- MATERIALS PROVIDED
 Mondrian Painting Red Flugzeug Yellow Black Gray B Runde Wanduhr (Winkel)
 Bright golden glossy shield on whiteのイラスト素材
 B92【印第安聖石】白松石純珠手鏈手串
...
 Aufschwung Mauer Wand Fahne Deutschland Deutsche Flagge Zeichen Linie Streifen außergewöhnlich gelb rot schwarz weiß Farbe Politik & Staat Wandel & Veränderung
==
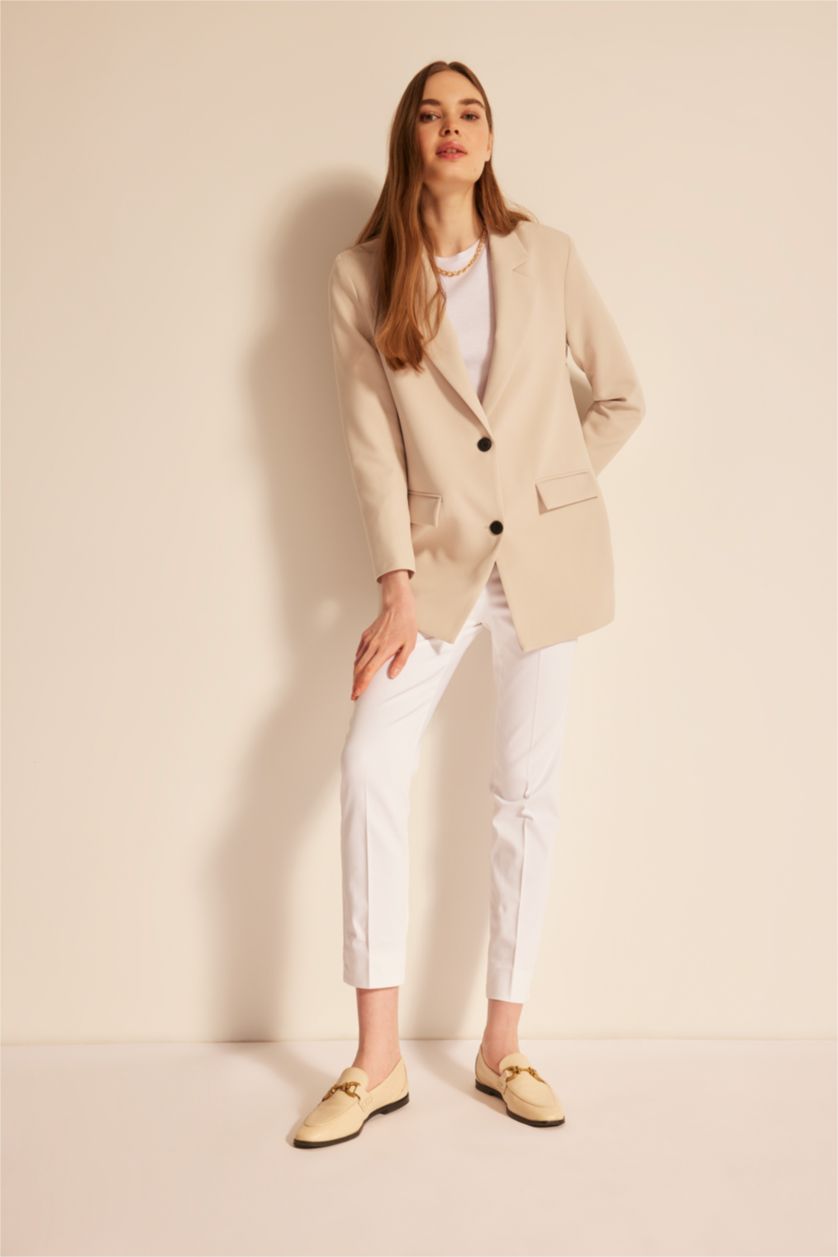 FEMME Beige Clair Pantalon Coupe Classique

- TASK STATEMENT
What are the lines above, starting at the one with "Mondrian Painting Red" and ending at the one with "B92【印第安聖石】白松石純珠手鏈手串"? Give them again exactly, and only them.

- ANSWER BOX
 Mondrian Painting Red Flugzeug Yellow Black Gray B Runde Wanduhr (Winkel)
 Bright golden glossy shield on whiteのイラスト素材
 B92【印第安聖石】白松石純珠手鏈手串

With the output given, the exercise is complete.